Your programs should be written with good programming style (and so
should not produce any warnings when compiled with the -Wall
option!). I.e. it should be well commented, so as to enable the reader
(this includes the tutor/marker!) to understand how it works.
Identifiers should be meaningful and (unless their role is trivial)
commented where declared, any constants should be named rather than
hard-coded, and defensive programming should be used. The latter
includes checks being made for system calls that can fail due to
resource limitations; once detected, a message should be generated
with a call to the system error function perror() and the
process should exit with a status of 2. It also includes using
assert() to perform other kinds of checks, and the
freeing of any malloced data before (normal) exit
(this permits the mcheck library to detect any buffer
overwrites). All file descriptors should be closed before the process exits.

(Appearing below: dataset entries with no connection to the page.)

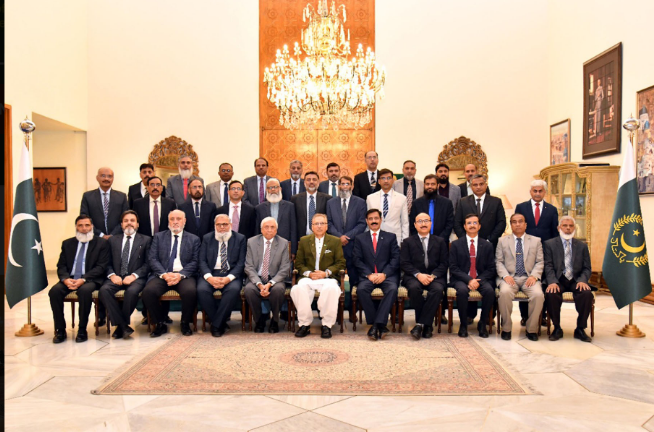 arif-alvi-1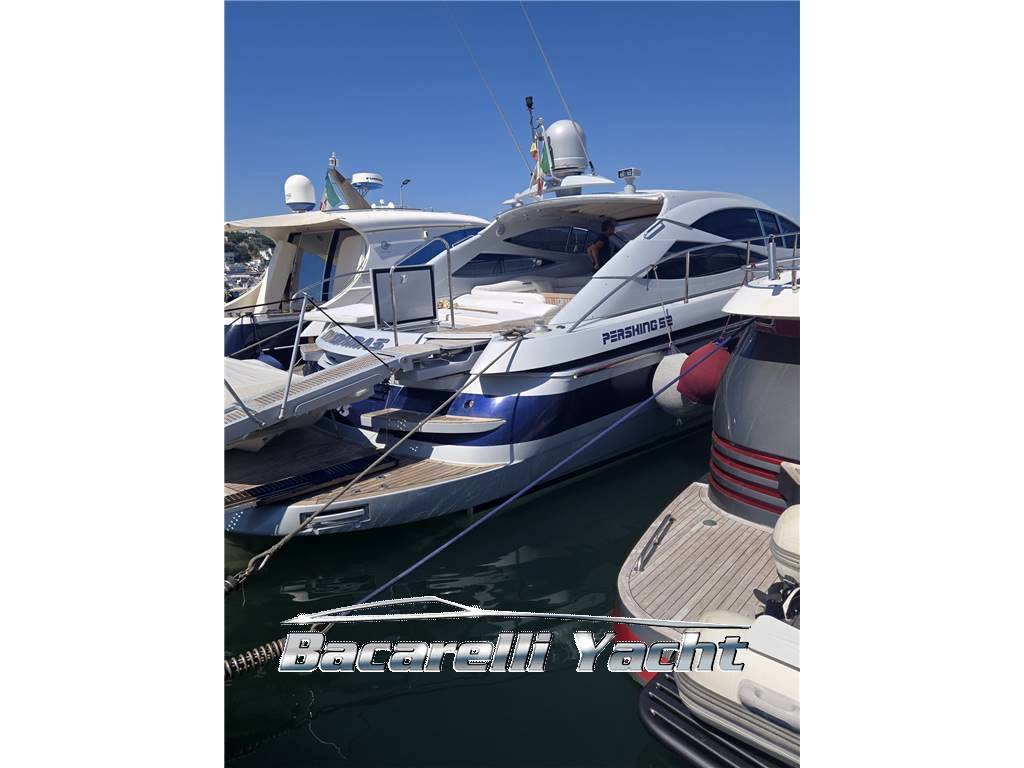 Pershing 52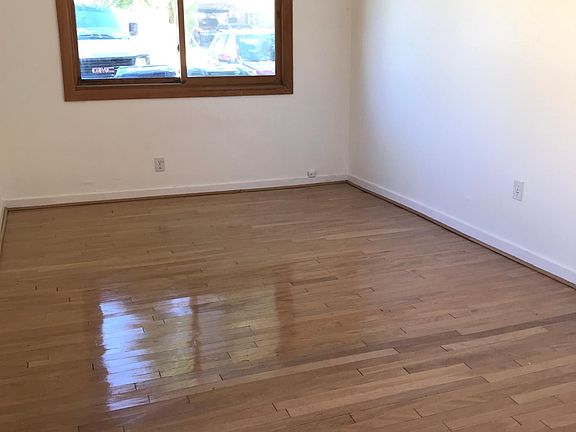5th image of 1445 Santa Cruz Dr Unit B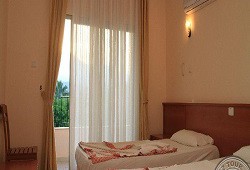 img_9219-jpg_s_1974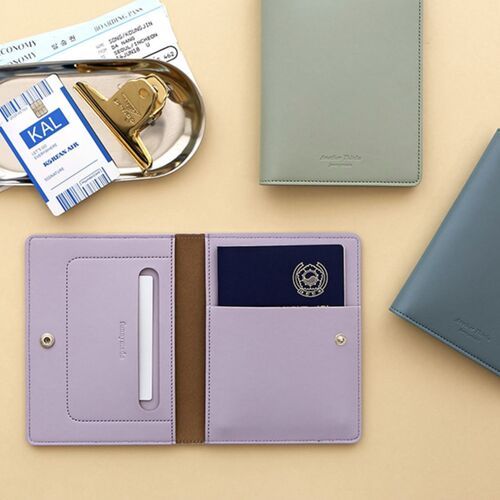 Triple Passport RFID-Blocking Wallet - Image 11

You must not change the interfaces to the sort functions in
the template distquicklib.c; while you are free
to modify if needed the given quicksort.c for debugging purposes,
your sort functions must work from the standard version of
quicksort.c.
Your program must compile on the CS student system
with the standard (un-modified) makefile that is provided.
Your sort functions should be robust for array sizes up to (say)

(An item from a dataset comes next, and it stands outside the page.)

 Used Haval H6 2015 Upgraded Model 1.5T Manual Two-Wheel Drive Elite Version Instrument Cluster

10 million and 32 processes / threads.
You are required to submit a file called report.txt.
This must be a plain ASCII text file.
Both C code and report must be formatted to a standard width
of 80 characters.
All submitted files must have a preamble making a declaration
about the work you have submitted. The provided template files come with
such a preamble. You must add your name and student number where
indicated. If you need to modify the declaration, e.g. you did in fact
receive substantial assistance from another person who is not course staff,
you should modify the text to say so. Code obtained from the internet
will receive no marks even if acknowledged.
Quick Sort using Forks and Pipes (worth 40% of the assignment mark)

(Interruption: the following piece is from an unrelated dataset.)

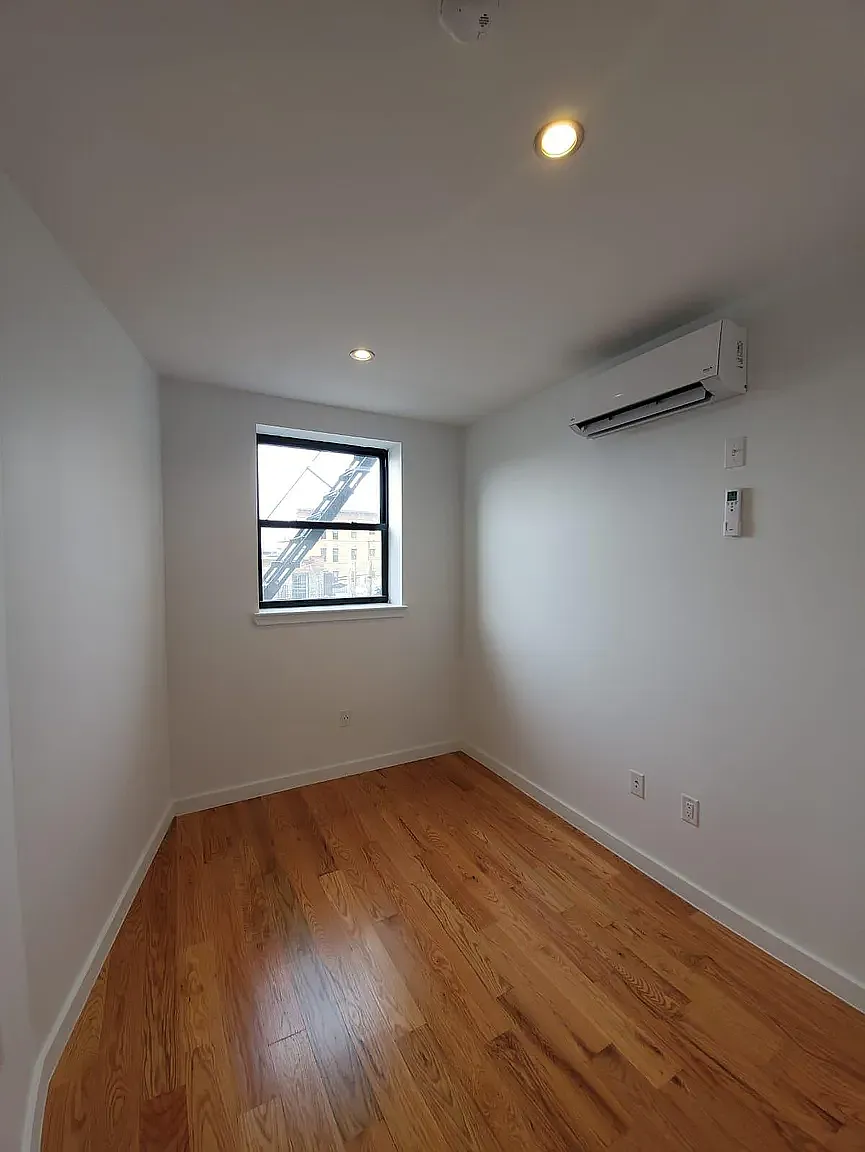 1271 Willoughby Avenue — Photo 4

In the function quickPipe() in distquicklib.c,
implement a distributed quicksort using forks to spawn (child)
processes and pipes to communicate the (sorted) array segments.
The distributed quicksort is then performed, which involves the (direct
or indirect) forking of a further p-1 processes.
The array segments should be transferred between processes using Unix
pipes. Note that the semantics of fork() can be utilized to
reduce the amount of explicit data transfer. The provided external
function m = partition(int *A, int n)
can be for the partition step, and
quickSort(int A[], int n) can be used to sort a
segment of the array (where A points to the start of the
segment and n is its length).
For full marks, no process should contain more than k copies of
pipe descriptor pairs, and processes should close any pipe as soon as no
longer needed. Child processes should exit when their participation in
the sort is finished, and their parent should wait on them to do this.
Debugging: the use of printf("%d:...\n", i, ...)
statements, where i is the process or thread id, at strategic
points, is recommended. printArray() can be used to print out
array segments. Remember, you may need to fflush(stdout)
if the process or thread is soon to exit.
Noting that your code should not produce any
output directly; you should remove these and any other print statements
before submitting. Running the program under strace -f may
also be helpful for debugging.
Quick Sort using Sockets (worth 15% of the assignment mark)
In the function quickSocket(), create a variant of the above
function which uses sockets instead of pipes to transfer data, but is
otherwise identical.
Shared Memory Quick Sort using Posix Threads (worth 30% of the
assignment mark)
In quickThread(), create a variant of the above function which
creates Posix threads instead of processes, and uses shared memory to
communicate data. You must use the thread structure as indicated in
the diagram above for your solution to be considered valid
(although you may use a different scheme to number the threads if you wish).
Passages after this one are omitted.